II. Liabilities Arising from the Consumer Protection Law

Intermediary service providers are considered as "intermediaries in the establishment of distance contracts" within the framework of the Consumer Protection Law No. 6502 ["CPL"]. Since intermediary service providers are not parties to the distance sales contract between the seller or service provider and the consumer, their responsibility under CPL is limited to maintaining transaction records and disclosing this information when required. However, they may still be held liable for breach of contract with the seller or service provider.

In practice, the framework of services offered by intermediary service providers to buyers and sellers is usually drawn under "service conditions" or a "membership agreement". Nevertheless, technical issues such as the provision of preliminary information and transfer of funds should be fulfilled through the systems of the electronic commerce platform in accordance with the Regulation on Distance Contracts. Thus, even in the absence of any conditions provided by the intermediary service provider, intermediary service providers and consumers are, beyond doubt, parties to a service agreement in the context of the CPL. However, unless provided otherwise, the liability of the platform is limited to matters such as keeping transaction records, providing information, and presenting the preliminary information form to the consumer. As a result, under CPL, the intermediary service provider is not responsible of ensuring the rights provided by distance sales contracts, such as the right to request a refund or replacement in case of defective goods or through the exercise of the right of withdrawal.

III. Prudent Business Man Rule

According to the Turkish Commercial Code No. 6102, merchants are obliged to act as a prudent businessman in their trade. In terms of intermediary service providers, this obligation originates from the fact that consumers primarily put their trust in the platform rather than the seller while shopping on electronic commerce platforms. Since consumers expect that the intermediary service provider has acted as a prudent businessman and created a business model that could not be abused by sellers in bad faith, they expect to have the support of the platform in a dispute against the seller. Hence, the platform can only avoid liability in the event of illegality originating from the seller by proving it has taken all necessary measures, as a prudent man would.

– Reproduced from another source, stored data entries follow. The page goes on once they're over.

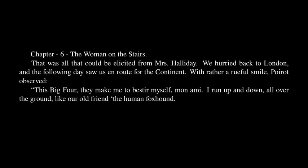Chapter 6: The Woman on the Stairs. That was all that could be elicited from Mrs. Halliday. We hurried back to London, and the following day saw us en route for the continent. With rather a rueful smile, Poirot observed,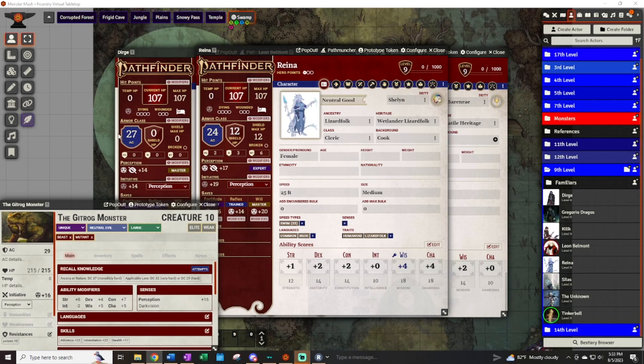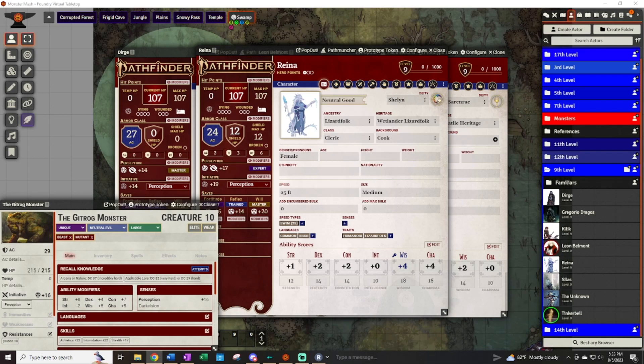Welcome everybody to another Monster Mash. This one is going to be a double header as we test out a new monster for this week and do a retest of a monster from last week that had a bit of a struggle.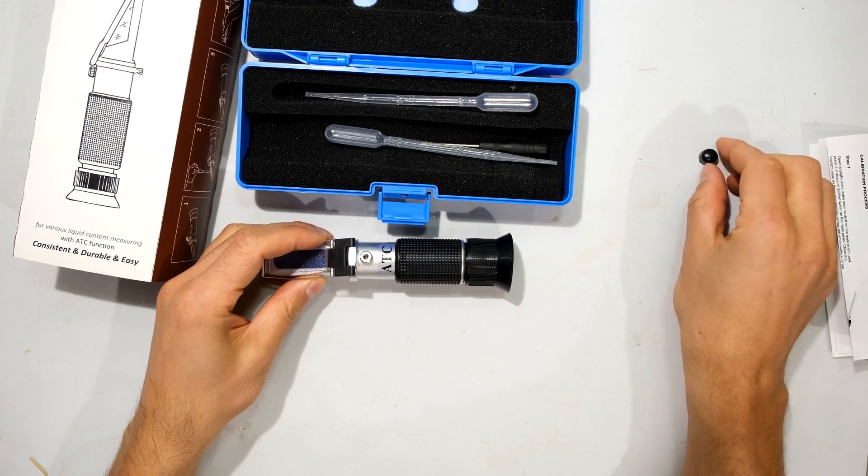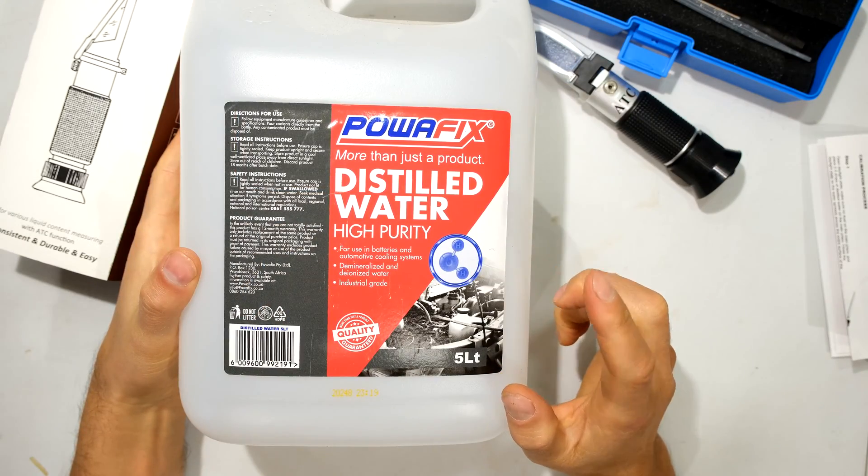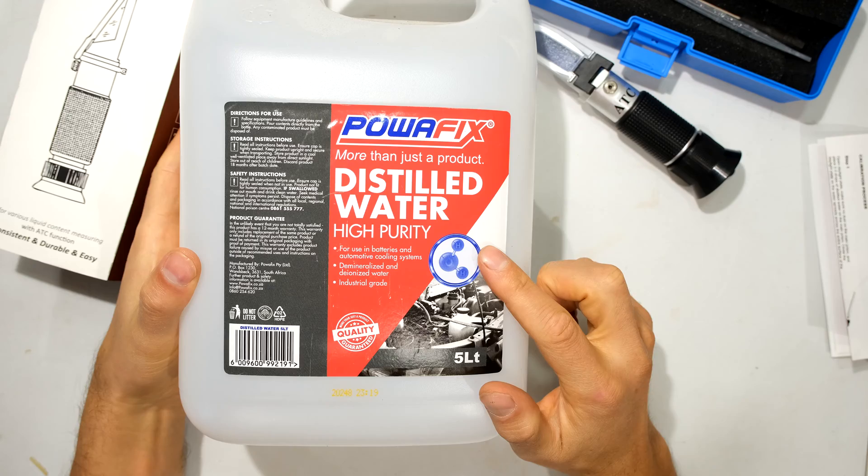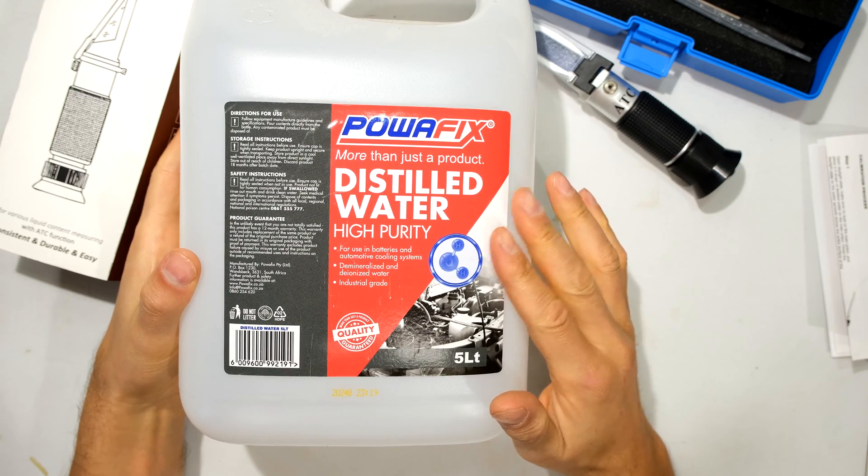So I just pull that open. Now, in order to do the calibration, you will need some distilled water. So here's the distilled water.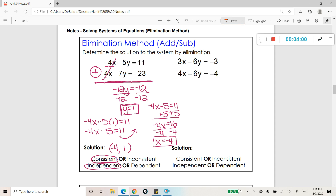Looking at the next example, we check that everything is lined up — x's, y's, and constants — that's great. But we ask: do any coefficients look similar? They do — the negative 6s are actually the same. When they're the same, we use subtraction. Negative 6y minus negative 6y turns into a plus, so we're taking negative 6 and adding 6, giving zero — we've eliminated it.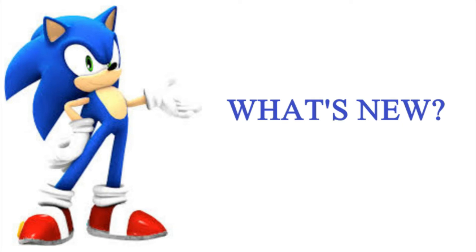It would be nice if they make a Sonic Forces 2, because Sonic Forces was a good game. I mean, there were a couple of flaws and some stuff I didn't like about it. Like, for starters, the fact that you only had played as three characters, which was Sonic, Classic Sonic, and The Rookie.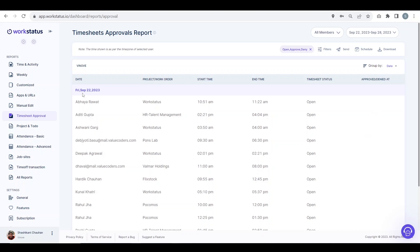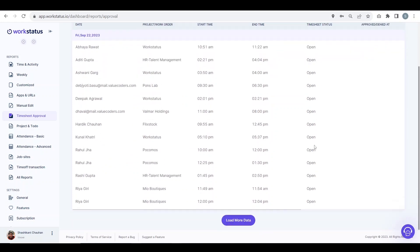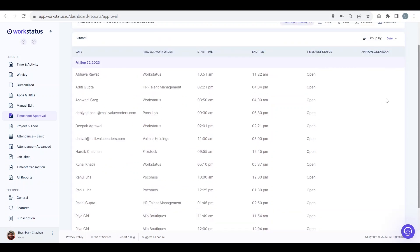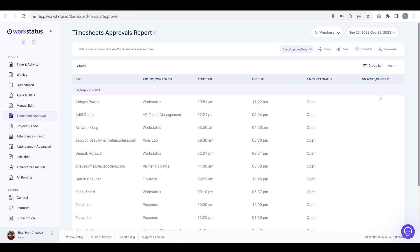So here you can see on 22nd September, these users raised the request for a timesheet approval for these projects, and this was the start time and this was the end time. The timesheet state of open means it has not been approved or denied by their team leader, organization manager, or department head.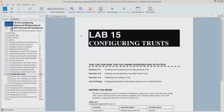This is lab 15, Configuring Trusts. We are working our way through the lab manual, Configuring Advanced Windows Server 2012 R2 Services. This is part of the Microsoft Official Academic Course lab manual in preparation for exam 70-412. During this lab, we're going to look at creating and configuring a one-way external trust, creating and configuring a two-way forest trust, and then validating and testing a trust.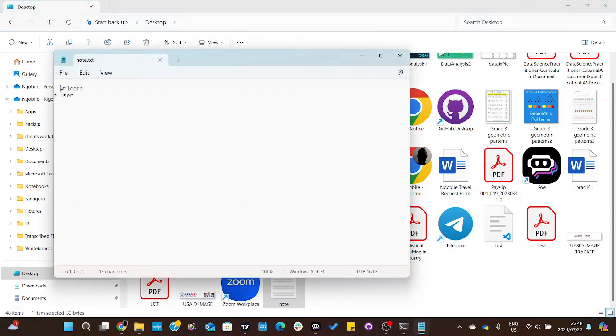So we have created the text file with some contents in it. Thank you.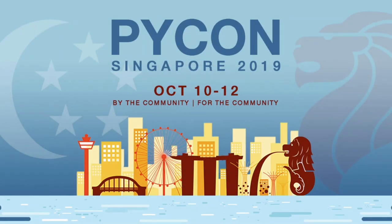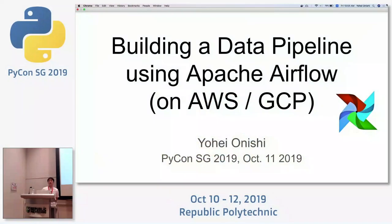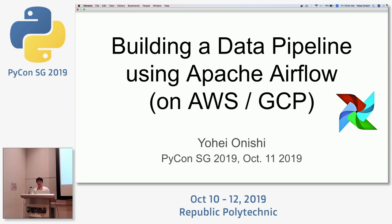Thank you for attending my session. I changed the title a little bit. The title is now about building a data pipeline using Apache Airflow on AWS and GCP. The original title was about Airflow and PySpark, but I changed it a little bit to talk more about how I use Airflow and some data engineering services on AWS and GCP.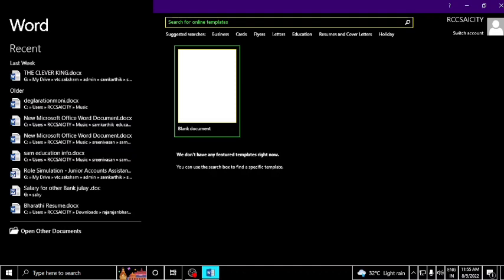First, you can see the recent documents and the templates. If you want to open a file, you can open it from recent documents. If you want to create a new file, you can create a recent file.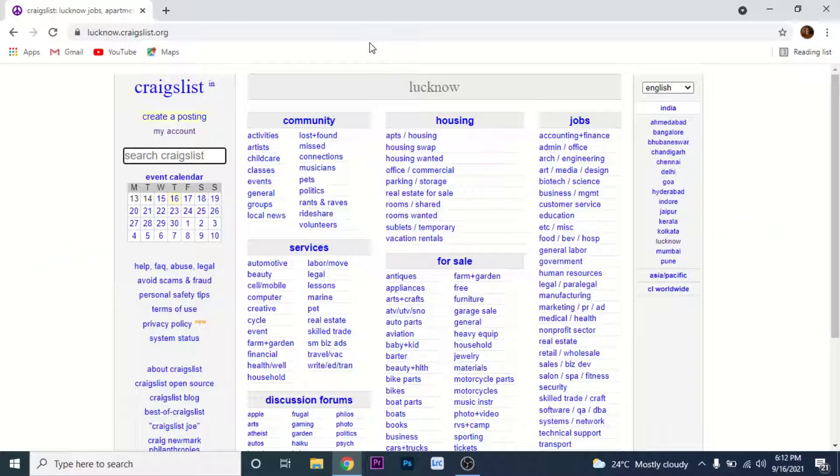Now in order to create a Craigslist account, on the left section you'll see an option labeled as my accounts. Click on that my accounts option.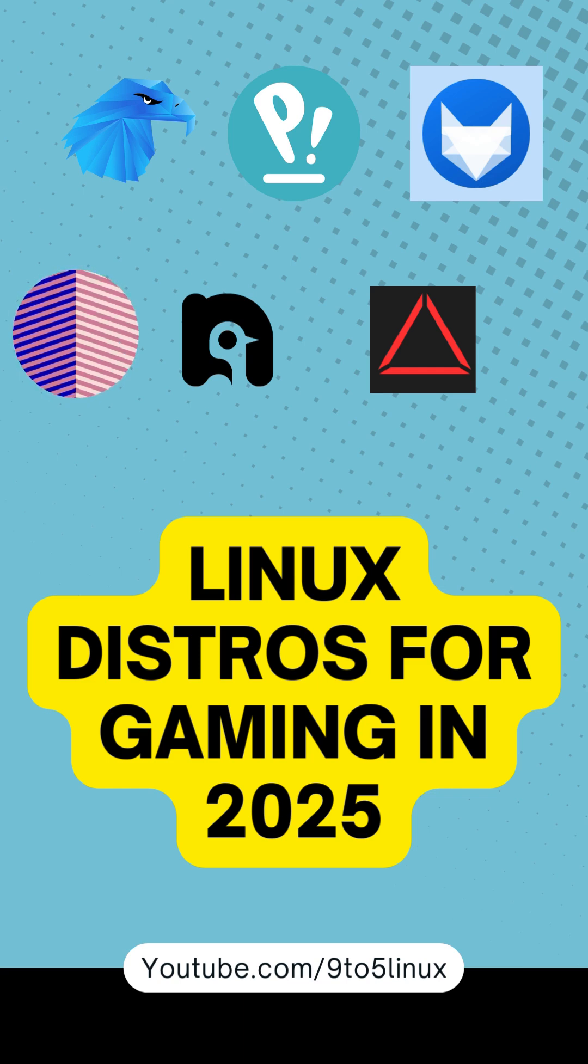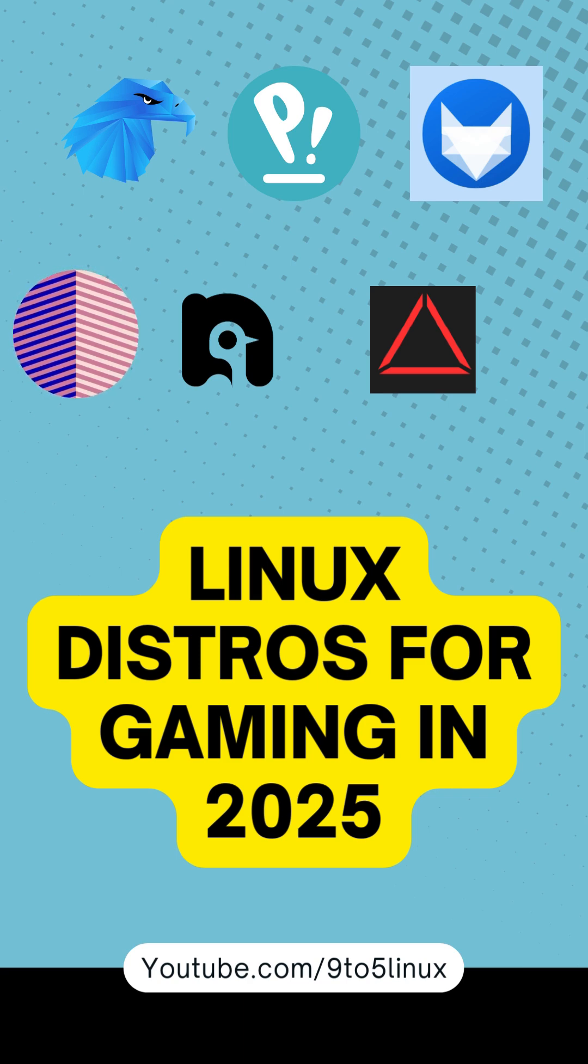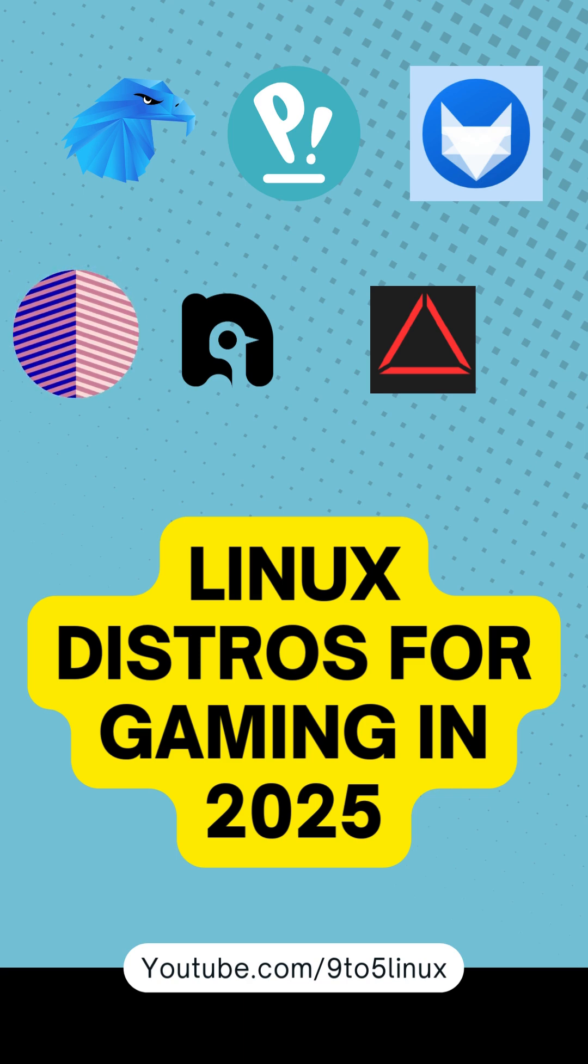So which distro will you try? Comment below, and don't forget to like and subscribe for more Linux gaming content.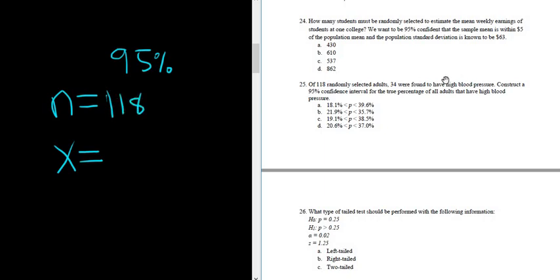And then success in this problem is to have high blood pressure, so X is equal to 34. That's it. Once we have N and X, we can go to StatCrunch.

By virtue of this obligation, it is possible for the consumer, who has been negatively affected by the actions of the seller, to seek compensation from the intermediary service provider. A court decision in 2018 against GittiGidiyor sets a precedent regarding the intermediary service provider's obligation to act as a prudent businessman. The Court of Cassation upheld the decision of the Court of First Instance, holding that the intermediary service provider is obliged to investigate the reliability of the sellers on the platform and is liable for the consumer's losses caused by seller fraud. According to the court, the consumer puts trust in the brand of the platform, and for this reason, the platform must be held liable if it "aggrieves consumers by providing a venue for those who act maliciously and with fraudulent intent.”

In summary, intermediary service providers, one of the most important actors of electronic commerce, are responsible of providing information, protecting personal data, sending order notifications, keeping transaction records, and generally acting as a prudent businessman. Moreover, intermediary service providers must also investigate the reliability of the sellers and service providers on the platform as a part of their obligation to act as prudent businessmen. Therefore, even though they are not a party to the distance sales contract, they can be held liable for the consumer's losses resulting from the violation of this obligation.